Supplied data START
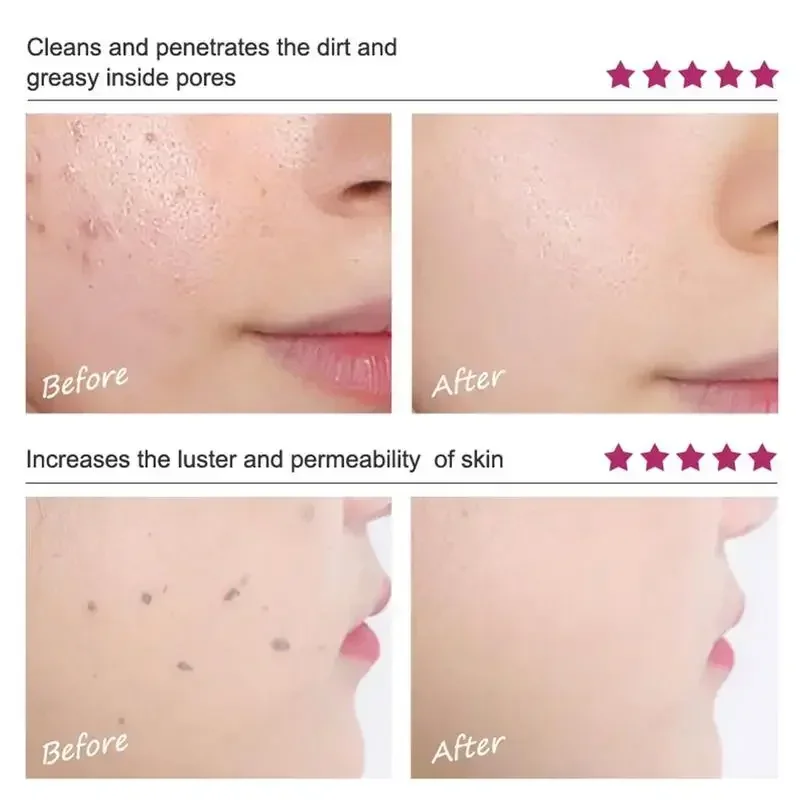 Face Exfoliating Cream Deep Exfoliator Gel Moisturizer Mango Repair Facial Scrub Cleaner Whiteing Brighten Face Skin Care facial exfoliant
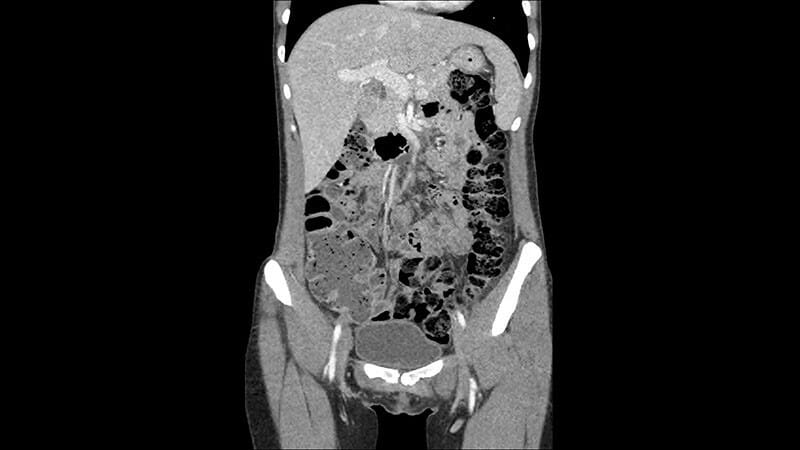 Que es la tomografia computarizada o CAT abdominal y pelvica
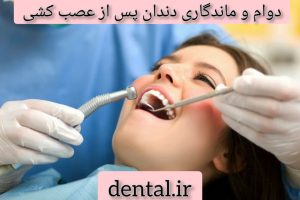 دوام و ماندگاری دندان پس از عصب کشی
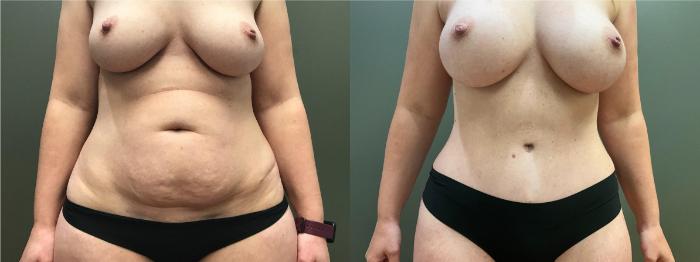 Before & After Breast Augmentation Case 405 Front View in Ann Arbor, MI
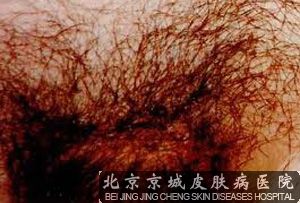 阴虱该如何预防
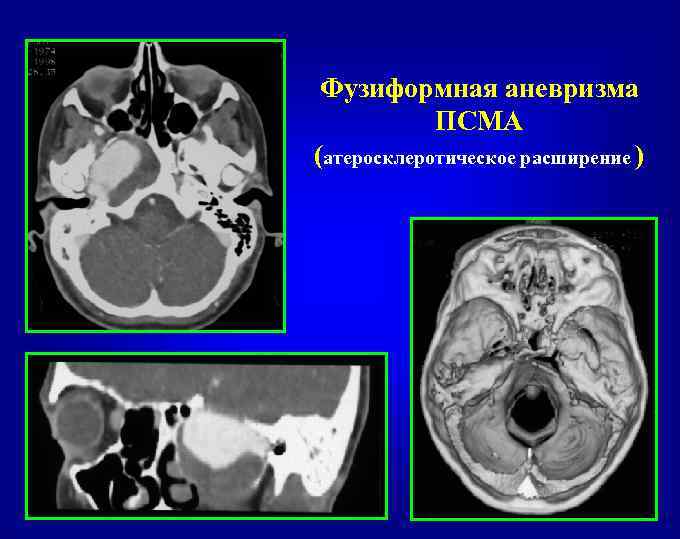 Фузиформная аневризма ПСМА (атеросклеротическое расширение ) 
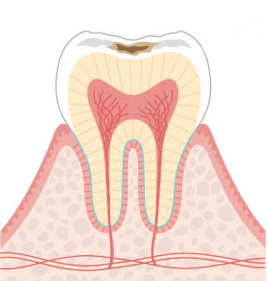 C1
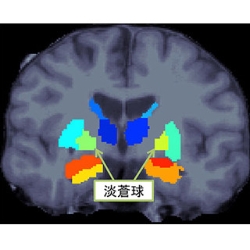 脳の特定部体積に左右差 統合失調症患者、阪大など発見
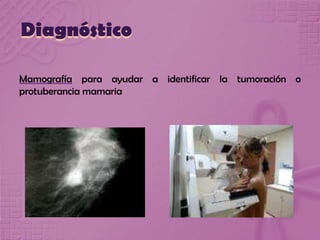 Diagnóstico
Mamografía para ayudar a identificar la tumoración o
protuberancia mamaria
 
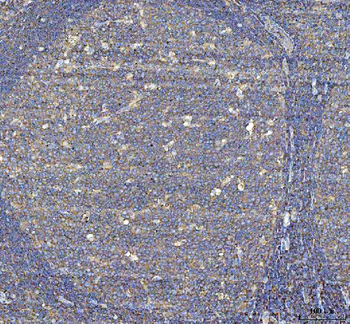 Talin 1/TLN1 Rabbit Polyclonal Antibody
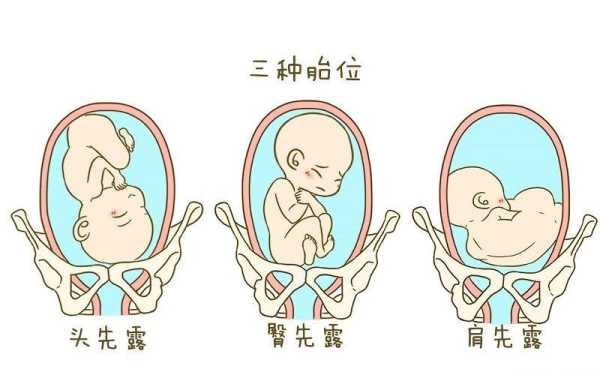 左骶横位胎儿图片(左骶横位胎儿图片) 第1张 左骶横位胎儿图片(左骶横位胎儿图片) 第1张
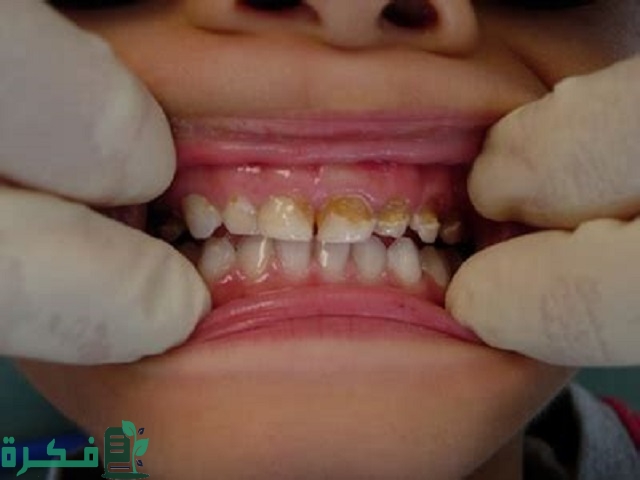 كيف تفرق بين ألم تسوس الأسنان والتهاب اللثة 1 كيف تفرق بين ألم تسوس الأسنان والتهاب اللثة؟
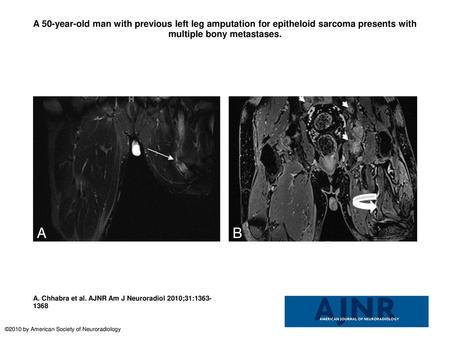 A 50-year-old man with previous left leg amputation for epitheloid sarcoma presents with multiple bony metastases. A 50-year-old man with previous left.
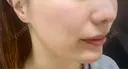 鼻翼基部形成（貴族手術） eクリニック 富山駅前院 BEFORE サムネイル用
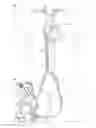 Fig. 01 - Pumping system and method for assisting a patient's heart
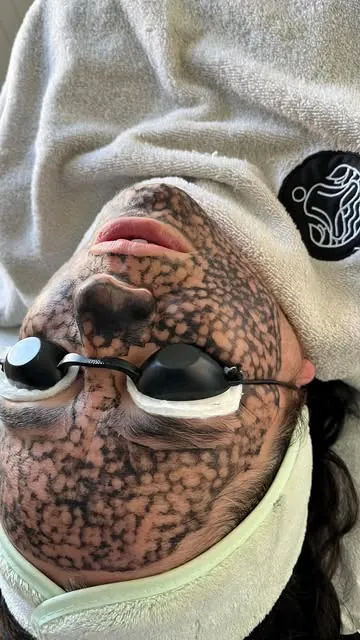 Rostro con mascarilla de carbón y lentes de protección para Hollywood Peel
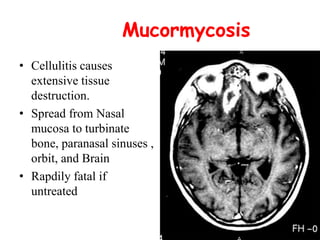Mucormycosis
• Cellulitis causes
extensive tissue
destruction.
• Spread from Nasal
mucosa to turbinate
bone, paranasal sinuses ,
orbit, and Brain
• Rapdily fatal if
untreated
 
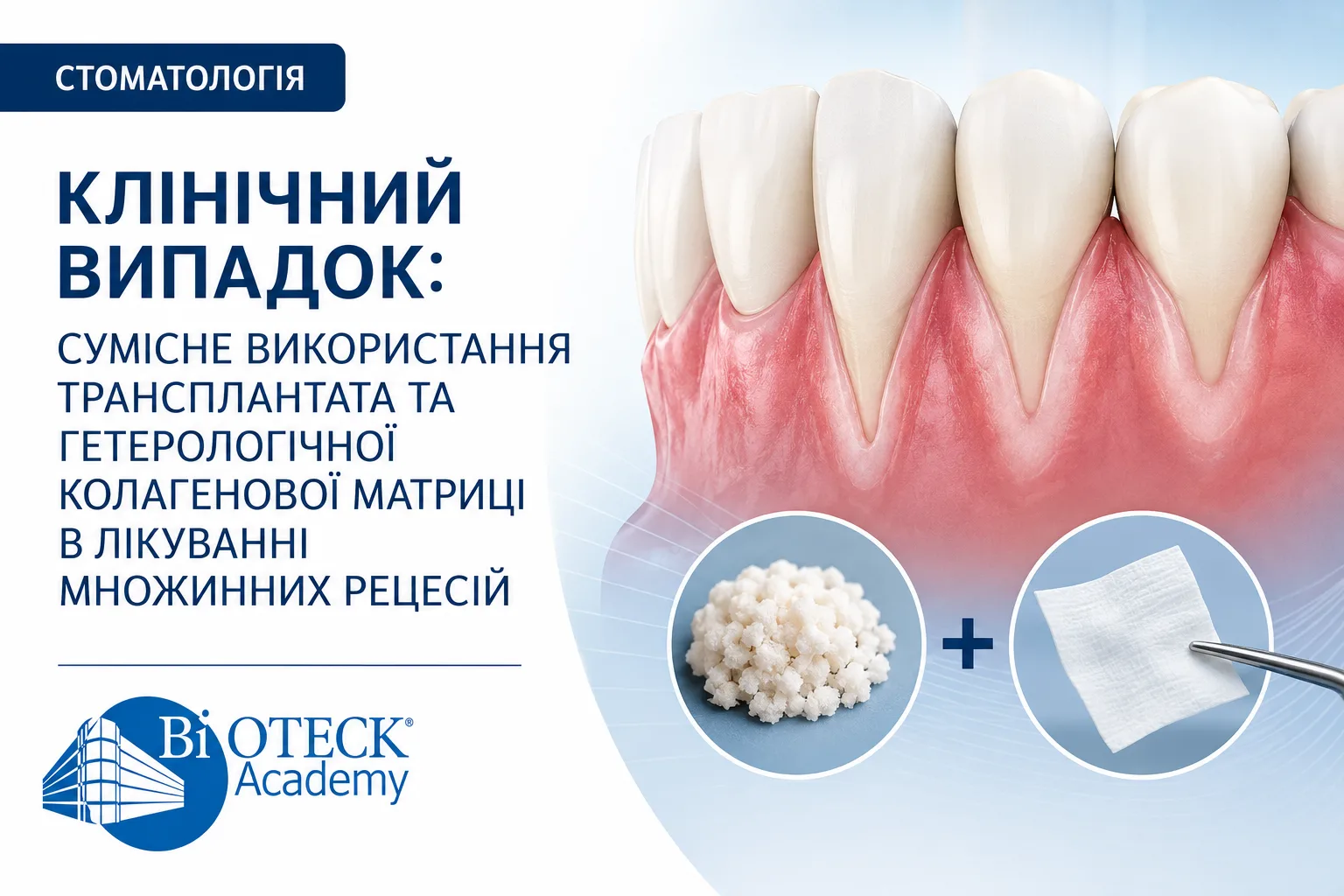 Лікування множинних рецесій: клінічний випадок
Supplied data END
What belongs in the answer is each line above, reproduced exactly, and no picture.

 Face Exfoliating Cream Deep Exfoliator Gel Moisturizer Mango Repair Facial Scrub Cleaner Whiteing Brighten Face Skin Care facial exfoliant
 Que es la tomografia computarizada o CAT abdominal y pelvica
 دوام و ماندگاری دندان پس از عصب کشی
 Before & After Breast Augmentation Case 405 Front View in Ann Arbor, MI
 阴虱该如何预防
 Фузиформная аневризма ПСМА (атеросклеротическое расширение ) 
 C1
 脳の特定部体積に左右差 統合失調症患者、阪大など発見
 Diagnóstico
Mamografía para ayudar a identificar la tumoración o
protuberancia mamaria
 
 Talin 1/TLN1 Rabbit Polyclonal Antibody
 左骶横位胎儿图片(左骶横位胎儿图片) 第1张 左骶横位胎儿图片(左骶横位胎儿图片) 第1张
 كيف تفرق بين ألم تسوس الأسنان والتهاب اللثة 1 كيف تفرق بين ألم تسوس الأسنان والتهاب اللثة؟
 A 50-year-old man with previous left leg amputation for epitheloid sarcoma presents with multiple bony metastases. A 50-year-old man with previous left.
 鼻翼基部形成（貴族手術） eクリニック 富山駅前院 BEFORE サムネイル用
 Fig. 01 - Pumping system and method for assisting a patient's heart
 Rostro con mascarilla de carbón y lentes de protección para Hollywood Peel
Mucormycosis
• Cellulitis causes
extensive tissue
destruction.
• Spread from Nasal
mucosa to turbinate
bone, paranasal sinuses ,
orbit, and Brain
• Rapdily fatal if
untreated
 
 Лікування множинних рецесій: клінічний випадок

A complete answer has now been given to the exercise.